The Web consists of numerous Web communities, news sources, and services, which are often used by various actors for potentially nefarious purposes. At the same time, the overhead for creating new platforms and communities has significantly shrunk over the past years, hence the Web is becoming a bigger and more complex ecosystem (e.g., users can easily create new subreddits on Reddit). These communities/platforms do not exist in vacuum: users can have accounts on multiple platforms and share information from one platform to another. Due to this, it is imperative to obtain a cross-platform understanding on the Web, quantify the role and influence of emerging Web communities and platforms, and assess the fundamental differences across platforms/communities. In this line of research, we aim to study emerging platforms and Web communities that can have a large impact and influence both on the online and offline world and contribute to the research community by making publicly available datasets from social networks.
Demystifying the Messaging Platforms' Ecosystem Through the Lens of Twitter (IMC 2020)
Authors: Mohamad Hoseini, Philipe Melo, Manoel Junior, Fabricio Benevenuto (UFMG), Balakrishnan Chandrasekaran, Anja Feldmann, Savvas Zannettou
Short description: Messaging platforms like WhatsApp, Telegram, and Discord play an increasingly important role in addressing people’s communication needs. In this work, we aim to understand these messaging platforms by discovering publicly available groups on Twitter. We focus on understanding how these groups change in composition and activity over time and whether messaging platforms expose sensitive personal data. Among other things, we find that all messaging platforms expose some kind of sensitive data with exposures being more prevalent on WhatsApp compared to Telegram and Discord.

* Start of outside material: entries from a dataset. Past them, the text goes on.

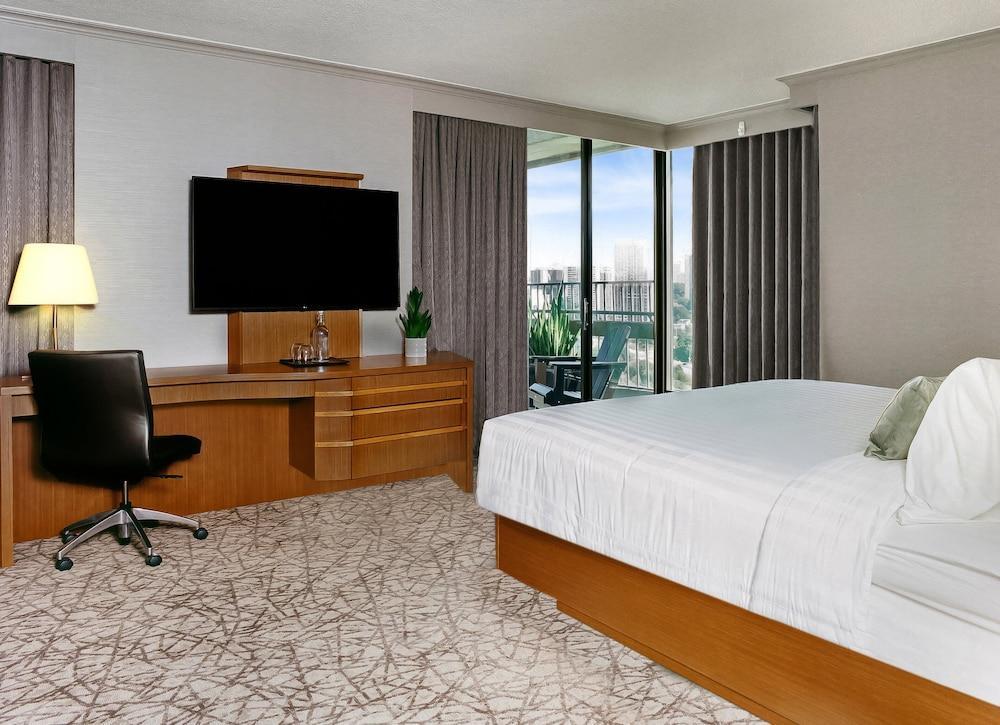Crowne Plaza Toronto North York by IHG Room Type - Suite, 1 Bedroom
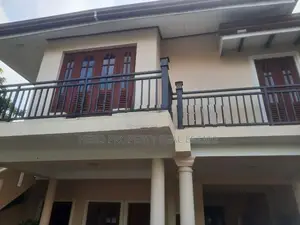 HCHR050 - Modern Upstairs House for Rent in Negombo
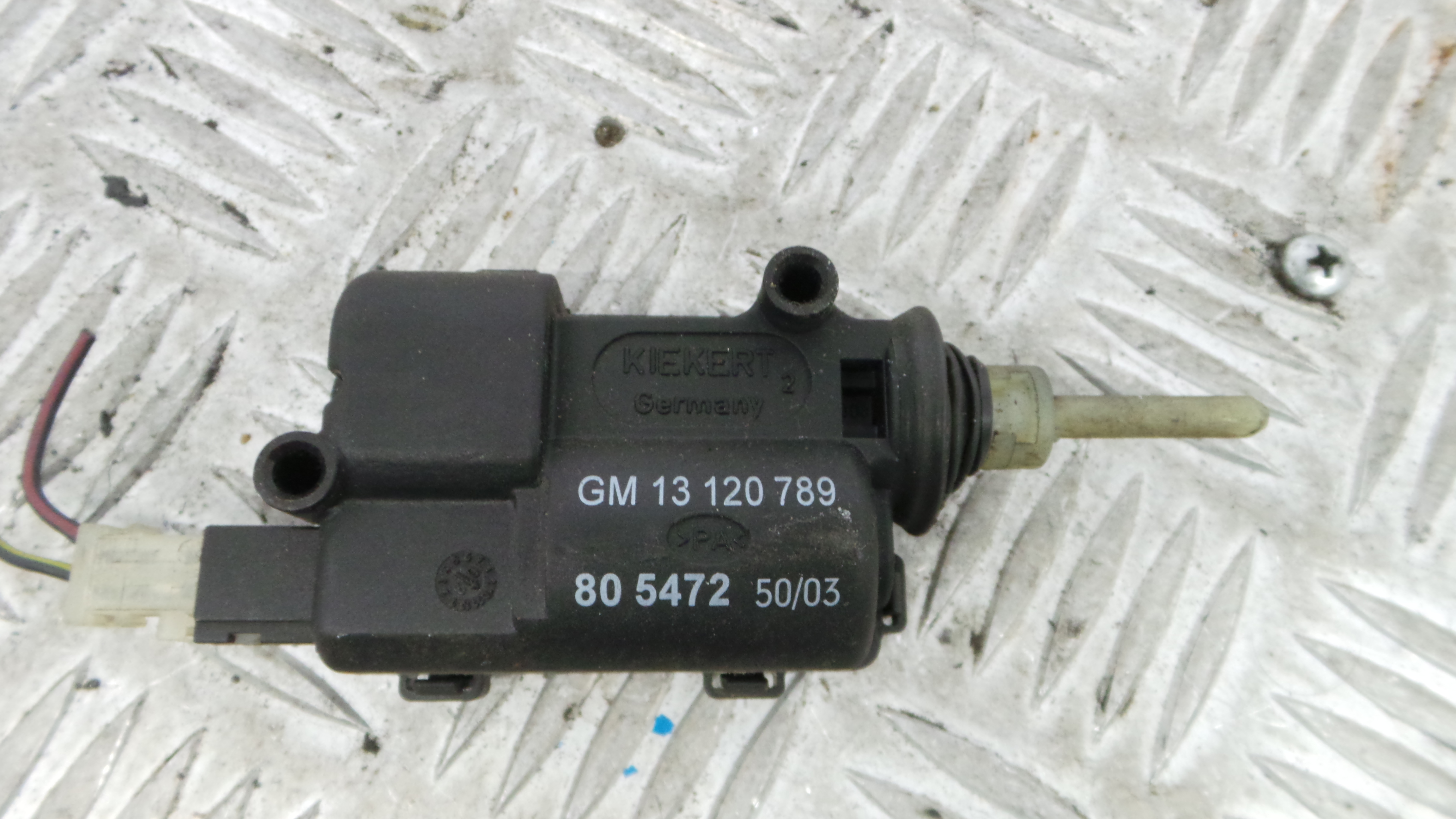 Pistola Deposito Combustivel 13120789 - OPEL CORSA C (X01)-33635657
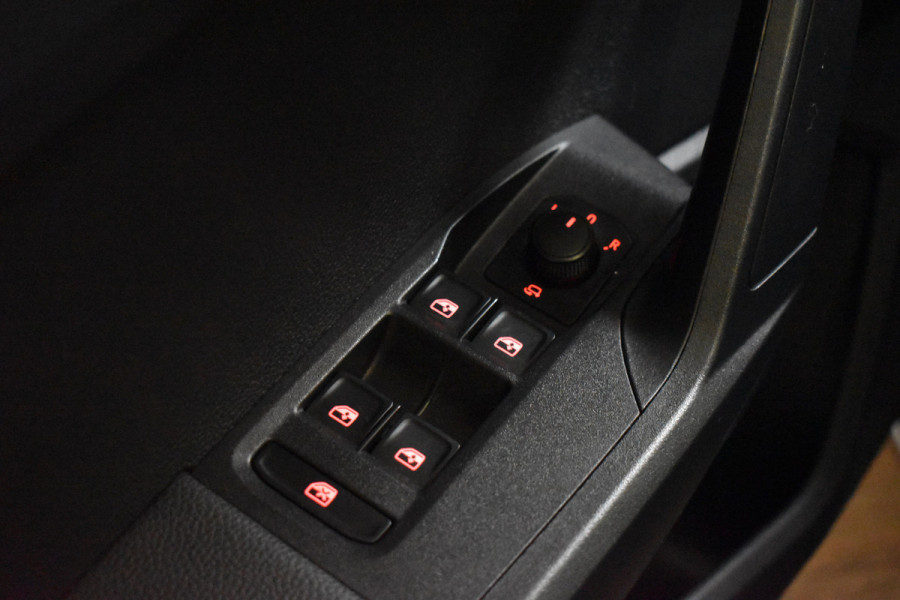 Seat Ibiza TSI 95PK FLEX CAMERA/NAVI/CRUISE*** Seat Ibiza TSI 95PK FLEX CAMERA/NAVI/CRUISE***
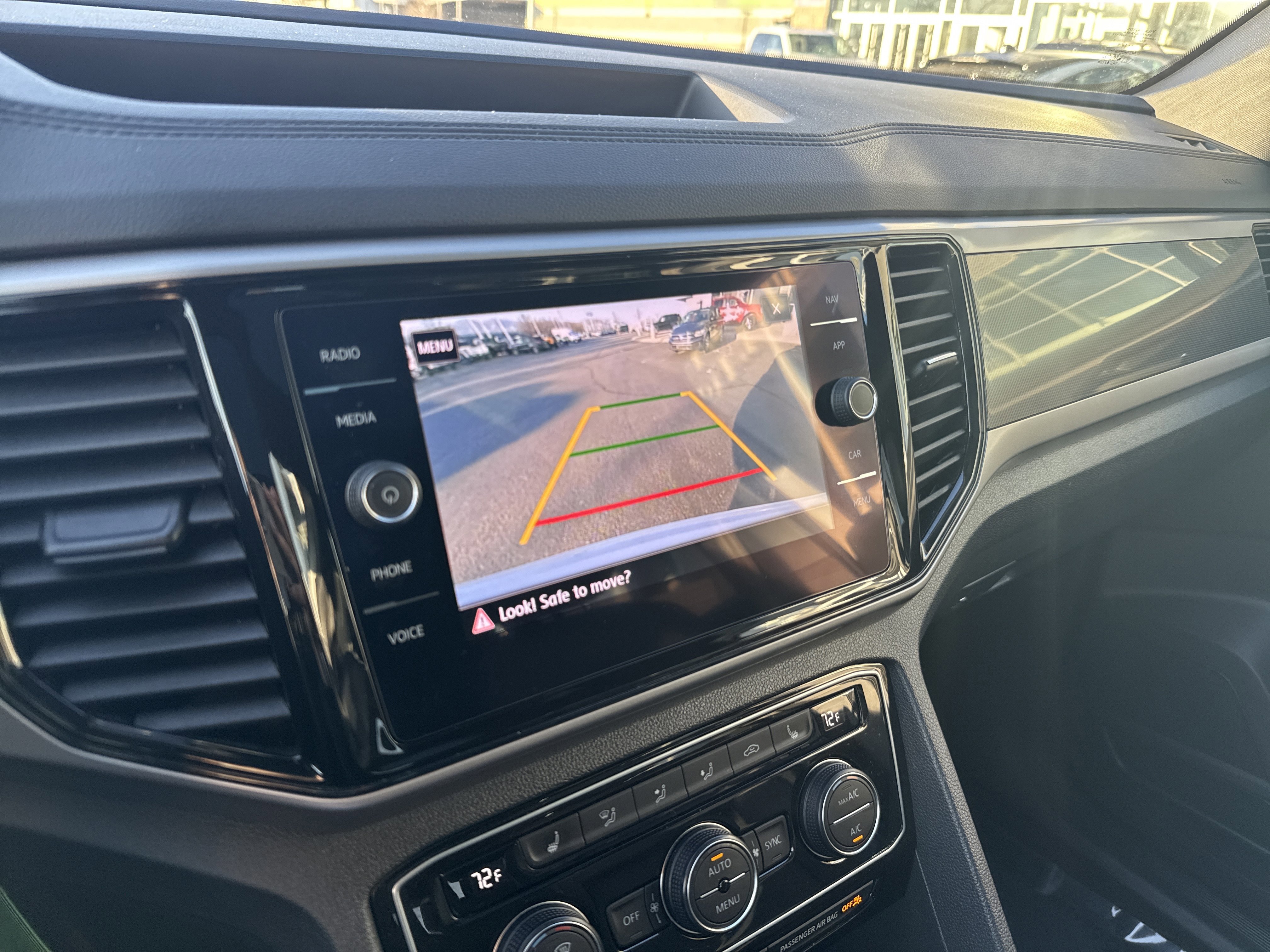 Used 2020 Volkswagen Atlas Cross Sport SEL R-Line image 23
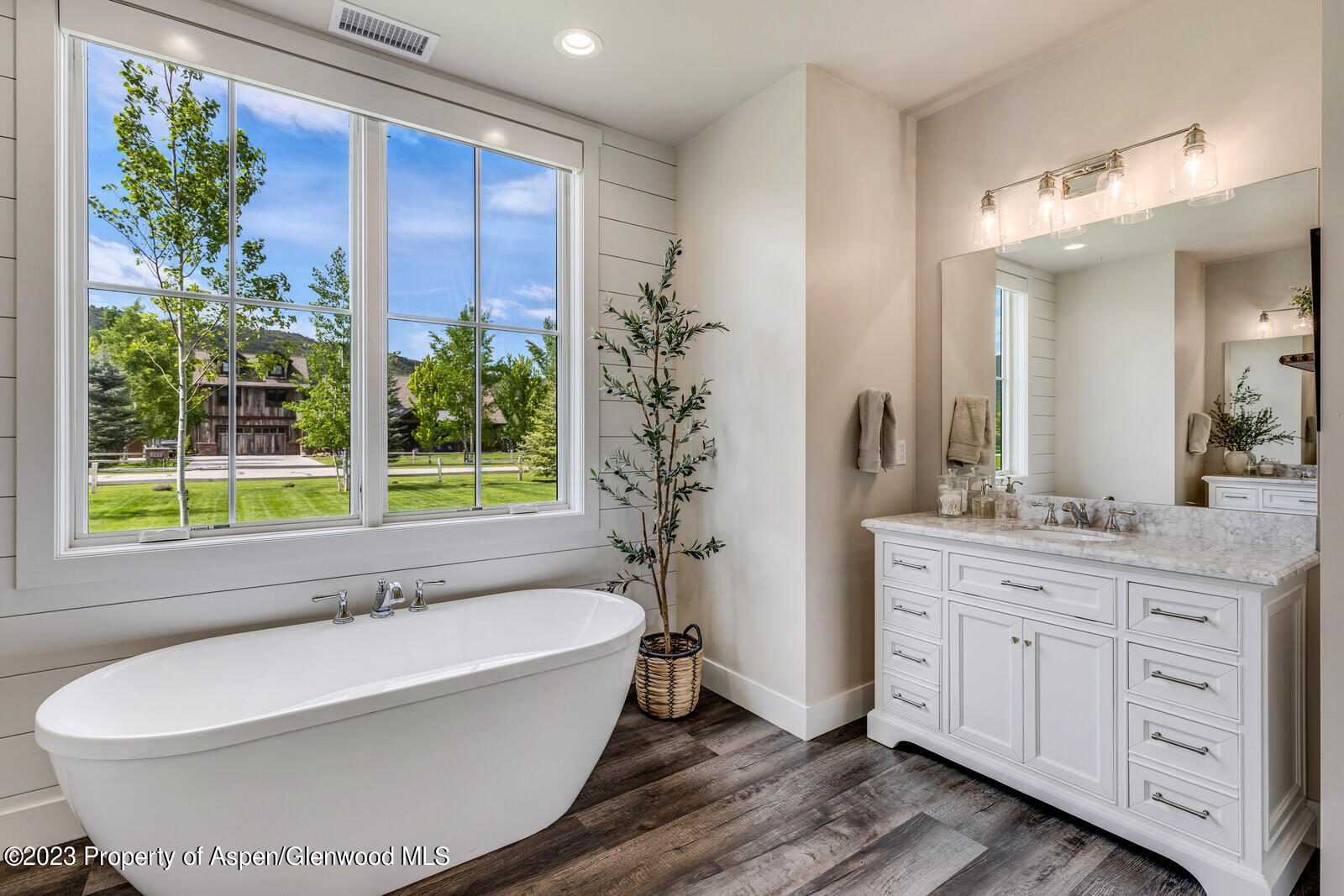 277 Equestrian Way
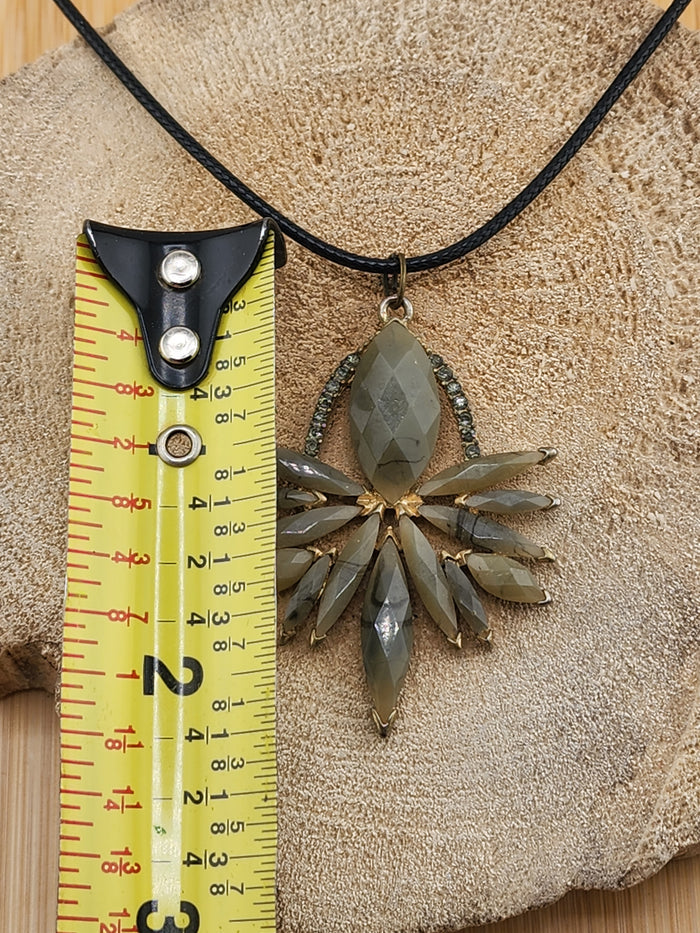18in Adjustable Statement Gray Crystal Leaf Pendant Necklace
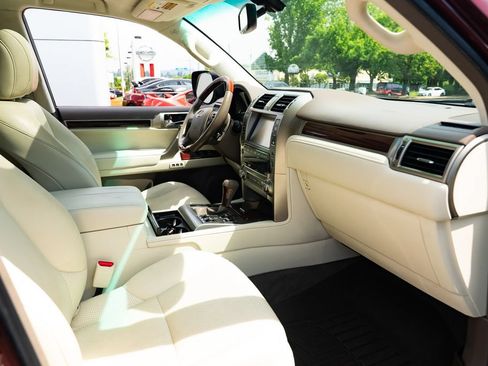 Used 2016 Lexus GX 460 Luxury AWD/4WD image 27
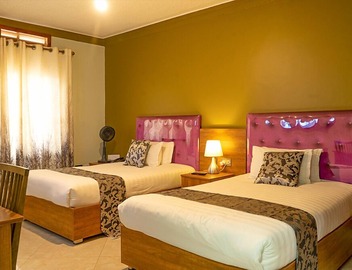 SamWeb Bed and Breakfast 2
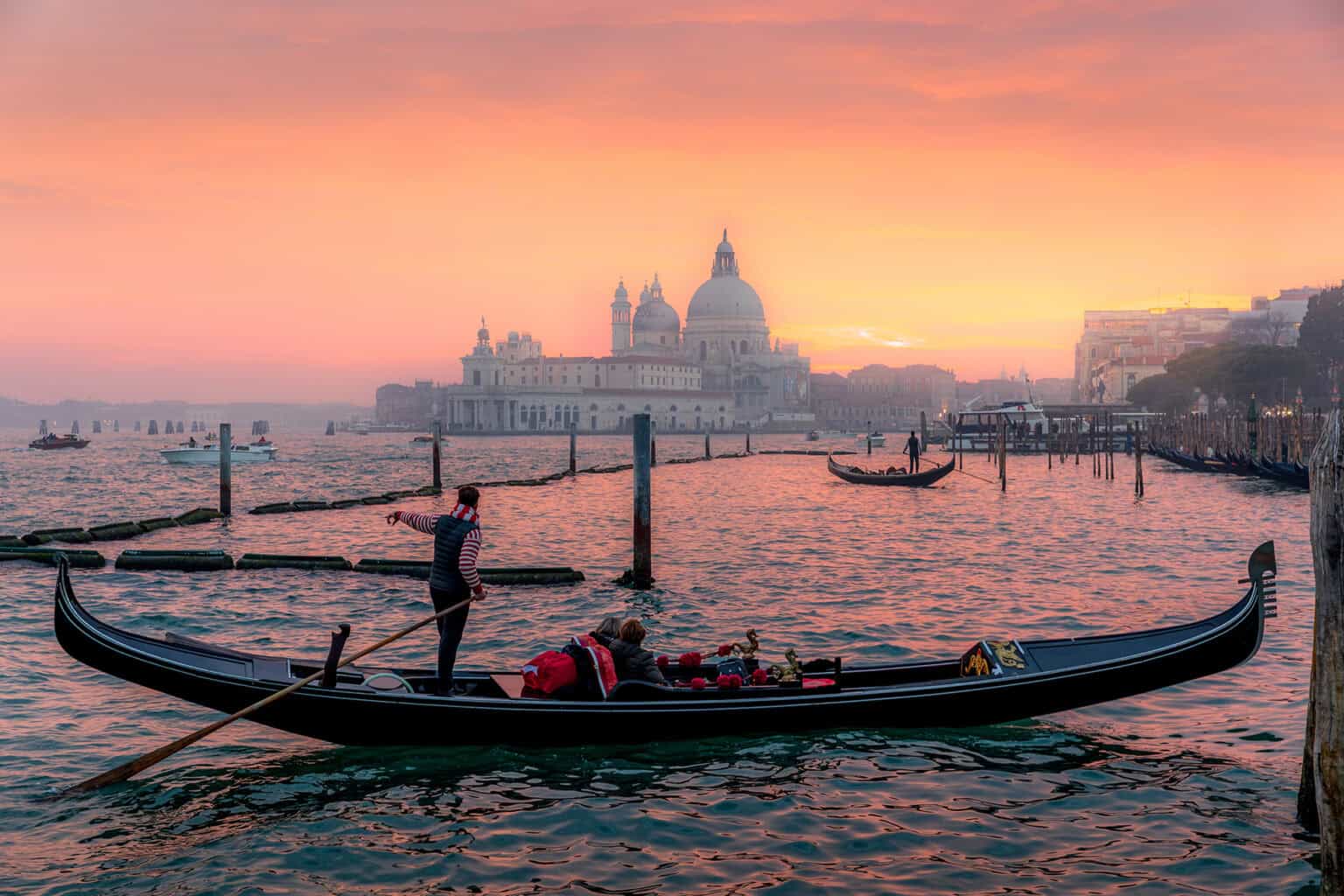 Gondoles sur le Grand Canal de Venise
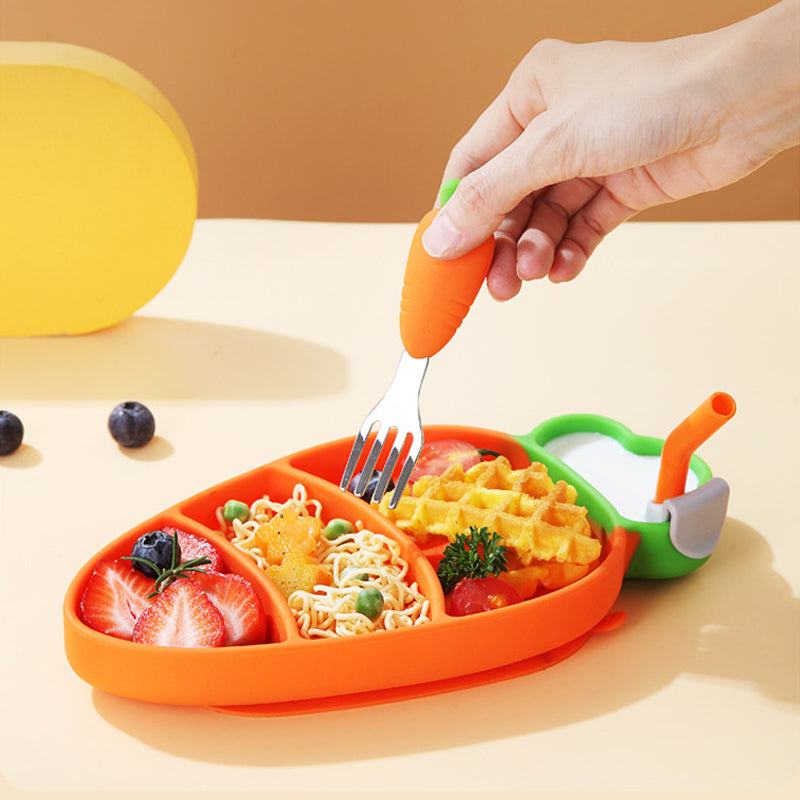 MiniMeal – Säker & halksäker – Silikonbordsset med bestick för småbarn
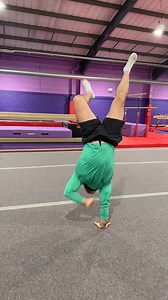 Head, shoulders, knees & twerk! | Ash Watson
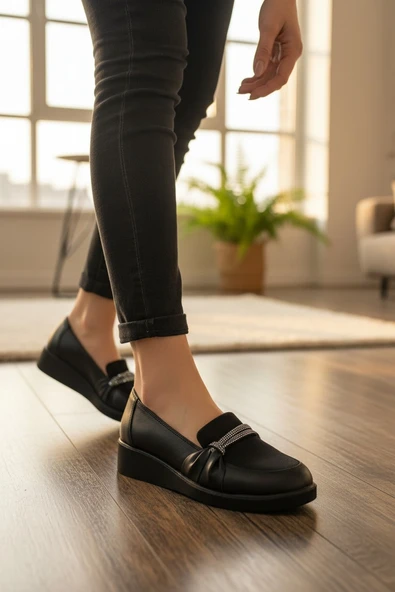 Enoch Kadın Kristal Şerit Detaylı Ortopedik Hakiki Deri Comfort Loafer Babet ürün görseli 1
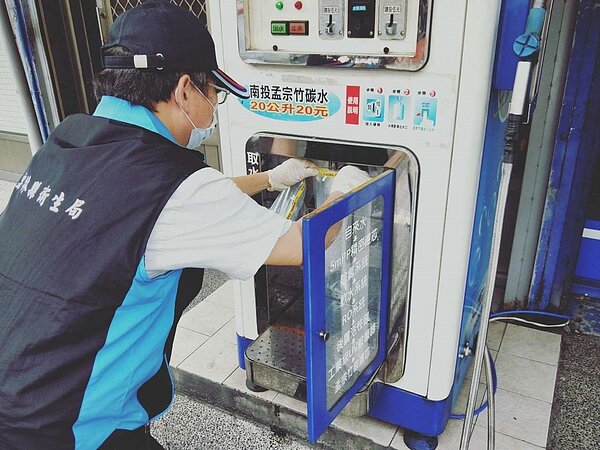 雲林衛生局到各地加水站進行水質抽檢,即便是鄉間的小型站也不放過。圖/雲林衛生局提供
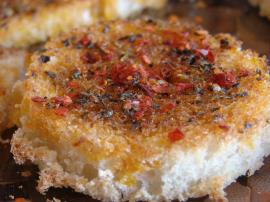 Zeytinyağlı Çeşnili Fırında Ekmek Dilimleri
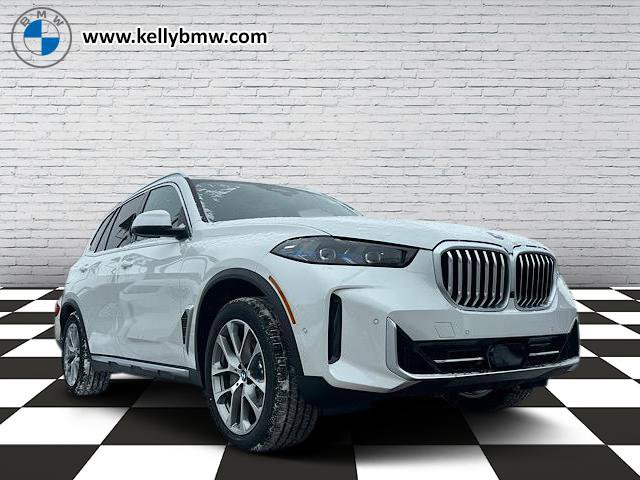 New 2026 BMW X5 xDrive50e image 1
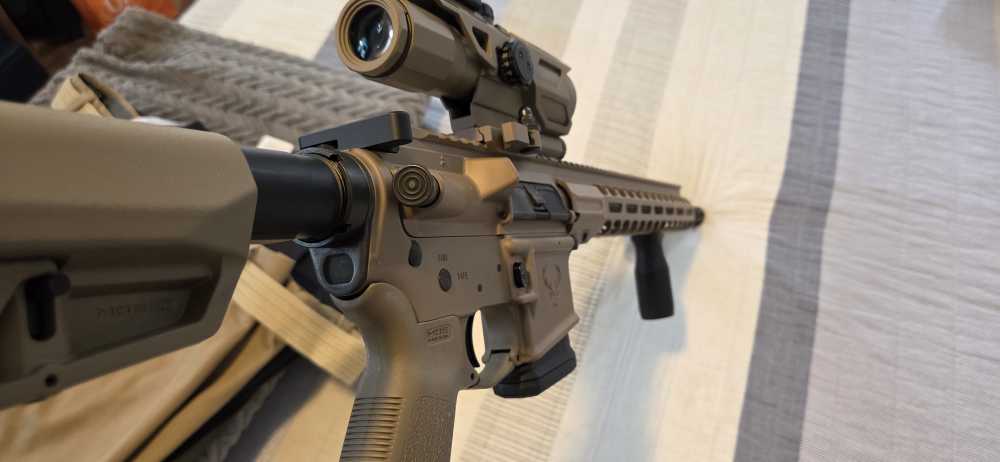 Stag Arms AR-15 18 Inch with accessories-img-2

The Evolution of the Manosphere Across the Web (ICWSM 2021)
Authors: Manoel Horta Ribeiro (EPFL), Jeremy Blackburn (Binghamton University), Barry Bradlyn (UIUC), Emiliano De Cristofaro (UCL), Gianluca Stringhini (Boston University), Summer Long, Stephanie Greenberg (Binghamton University), Savvas Zannettou
Paper Link: https://arxiv.org/abs/2001.07600
In this work, we study the Manosphere, a conglomerate of Web communities, that focus on discussing men’s issues. We investigate how the Manosphere evolved over time by collecting a large-scale dataset from Reddit and several standalone forums. We find that milder communities, like Pick Up Artists, are overshadowed by newer communities like Incels, while at the same time we find that newer communities are more toxic and share more misogynistic views.
Raiders of the Lost Kek: 3.5 Years of Augmented 4chan Posts from the Politically Incorrect Board (ICWSM 2020)
Authors: Antonis Papasavva (UCL), Savvas Zannettou, Emiliano De Cristofaro (UCL), Gianluca Stringhini (Boston University), Jeremy Blackburn (Binghamton University)
Short description: In this work, we made publicly available a large-scale dataset from 4chan’s Politically Incorrect board (/pol/). The dataset includes all posts made available on /pol/ during a period of 3.5 years. This dataset can be valuable to researchers that aim to study socio-technical issues on the Web and in particular issues that arise on fringe Web communities like /pol/.
The Pushshift Telegram Dataset (ICWSM 2020)
Authors: Jason Baumgartner (Pushshift), Savvas Zannettou, Megan Squire (Elon University), Jeremy Blackburn (Binghamton University)
Short description: In this dataset paper, we performed a large-scale data collection from Telegram. We made publicly available 317M messages from 27K groups, while at the same time we made available our data collection source code to support researchers that aim to study Telegram.